▶ [Input data]:
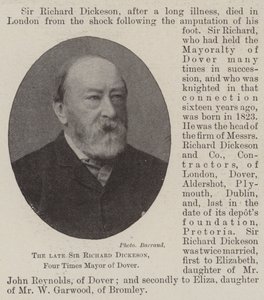 Il defunto Sir Richard Dickeson, quattro volte sindaco di Dover da English Photographer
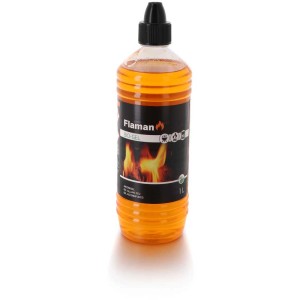 Flaman Bio Gel Accendifuoco, bottiglia da 1 litro, color arancio, per un'accensione rapida e sostenibile.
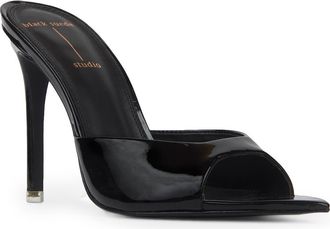 Black Suede Studio Brea Pointed Toe Sandal in Black Patent at Nordstrom, Size 7.5Us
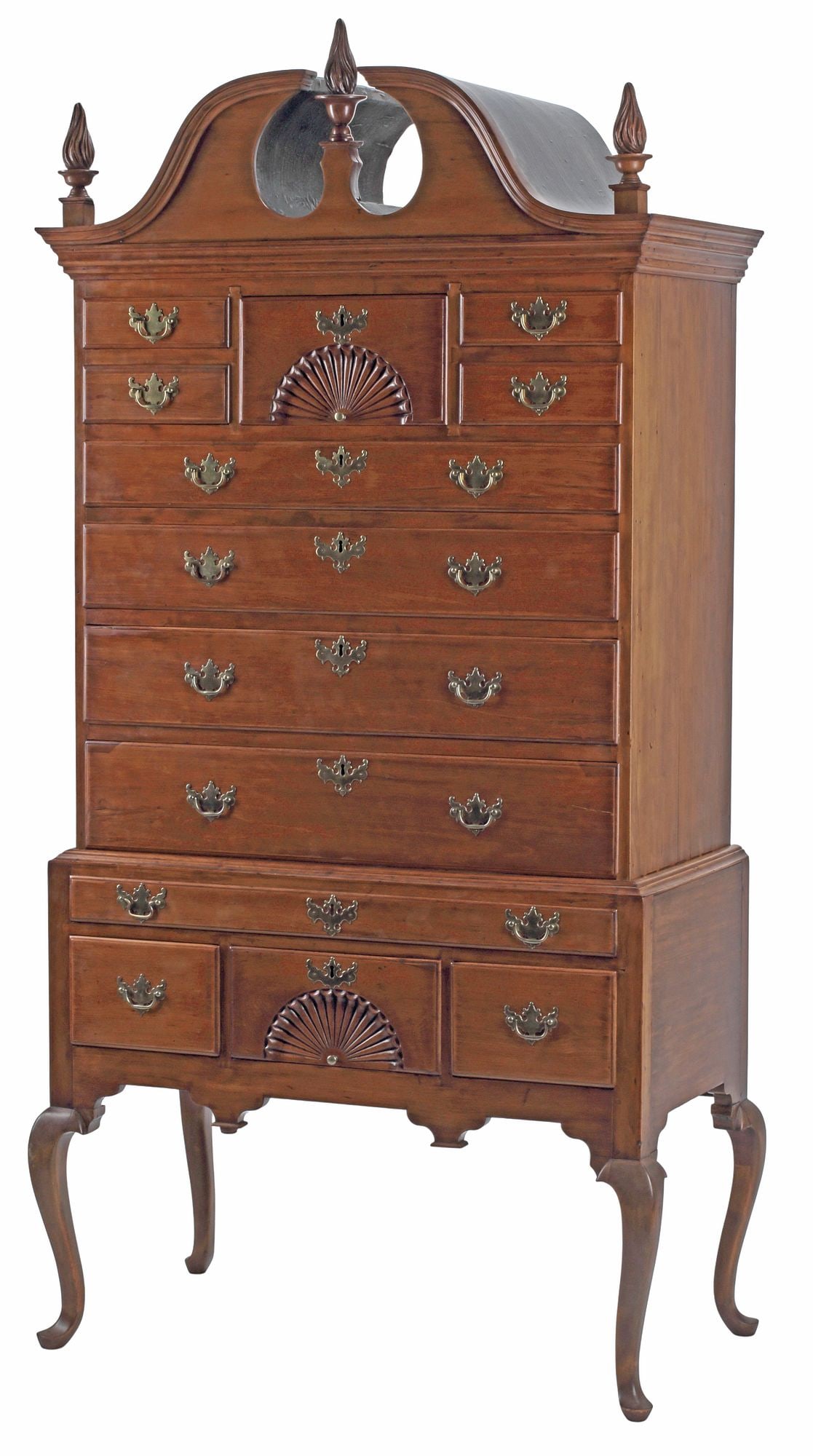 QUEEN ANNE STYLE MAHOGANY HIGHBOY OR CHEST-ON-CHEST (1 of 7)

▶ [Description of the task]:
Please reproduce the lines exactly from the one containing "Black Suede Studio" through the last line of the data above, and keep the pictures out.

▶ [Reply]:
 Black Suede Studio Brea Pointed Toe Sandal in Black Patent at Nordstrom, Size 7.5Us
 QUEEN ANNE STYLE MAHOGANY HIGHBOY OR CHEST-ON-CHEST (1 of 7)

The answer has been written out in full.